• WHAT TO DO: From the line containing "Solid Leather Women's" through the last line of the records below, output every line exactly as it appears, but leave out the pictures.

(Beginning of RECORDS TO PROCESS)

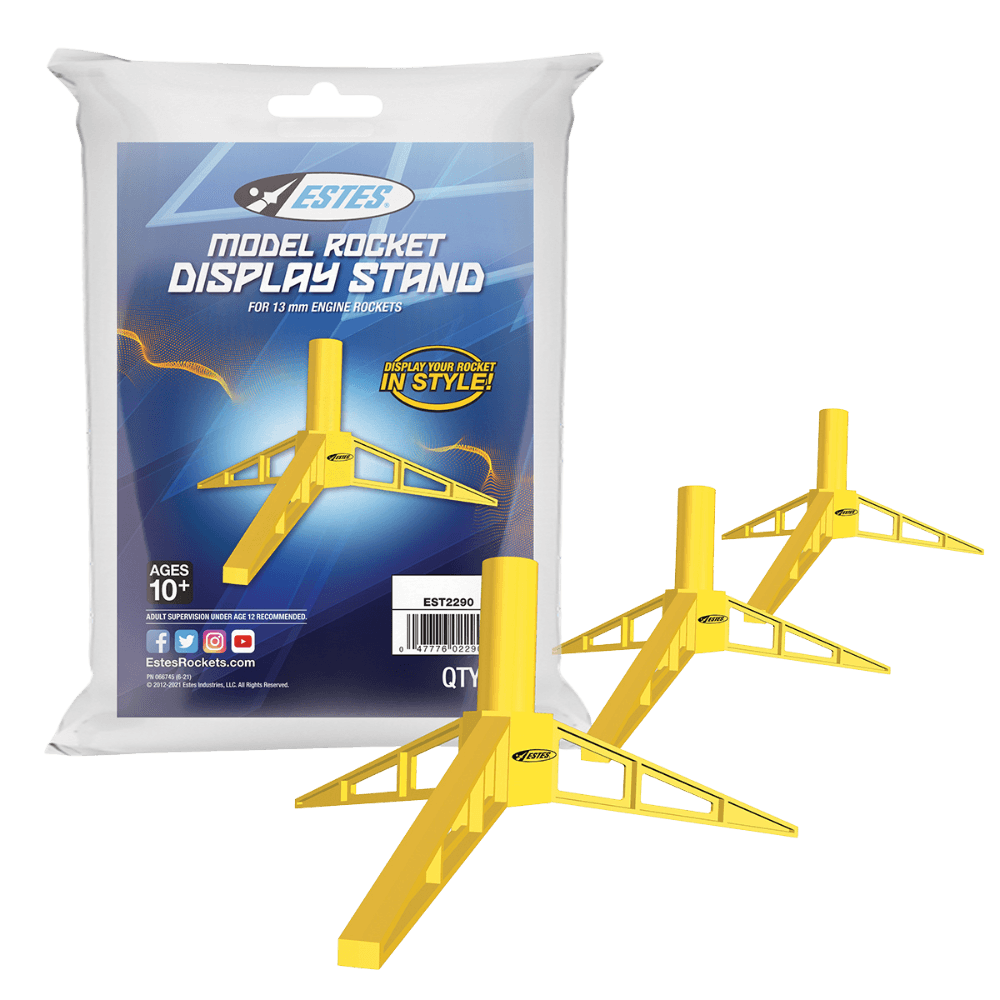 Model Rocket Display Stand (mini engine size) - Arizona Hobbies LLC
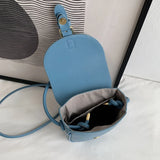 Solid Leather Women's Shoulder Bag Crossbody Cell Phone Bags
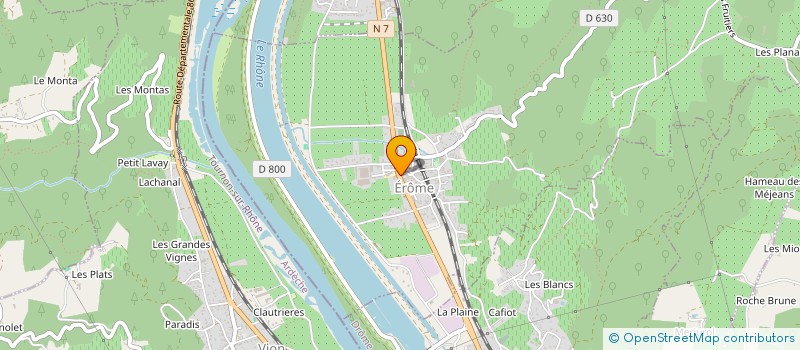 localisation de l'entreprise SCI PONT DE L ISERE  PONT DE L'ISERE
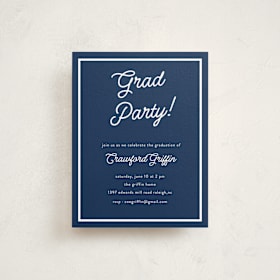 Graduation Insert Cards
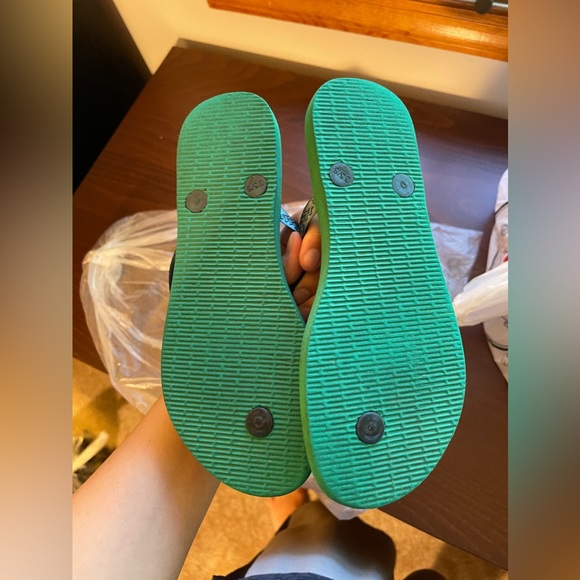 Havaianas Blue Tropical Flip Flops US6 - Picture 5 of 5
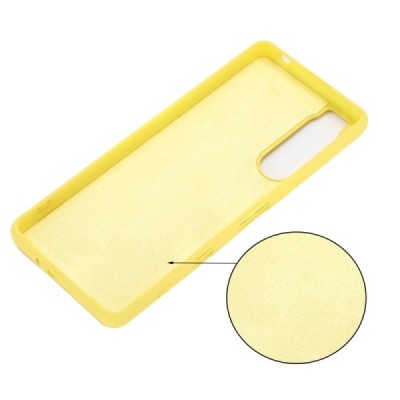 Sony Xperia 5 III Shell cieta silikona (TPU) dzeltens apvalks | vacins.lv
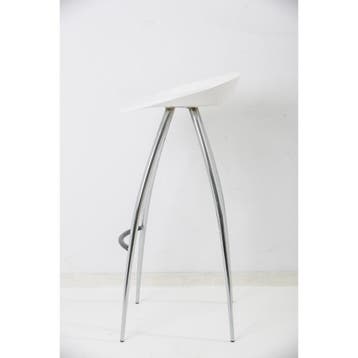 Magis Lyra design Kruk wit chroom, Receptie of Entree, Ophalen of Verzenden, Gebruikt, Stoel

(End of RECORDS TO PROCESS)

• WRITTEN ANSWER:
 Solid Leather Women's Shoulder Bag Crossbody Cell Phone Bags
 localisation de l'entreprise SCI PONT DE L ISERE  PONT DE L'ISERE
 Graduation Insert Cards
 Havaianas Blue Tropical Flip Flops US6 - Picture 5 of 5
 Sony Xperia 5 III Shell cieta silikona (TPU) dzeltens apvalks | vacins.lv
 Magis Lyra design Kruk wit chroom, Receptie of Entree, Ophalen of Verzenden, Gebruikt, Stoel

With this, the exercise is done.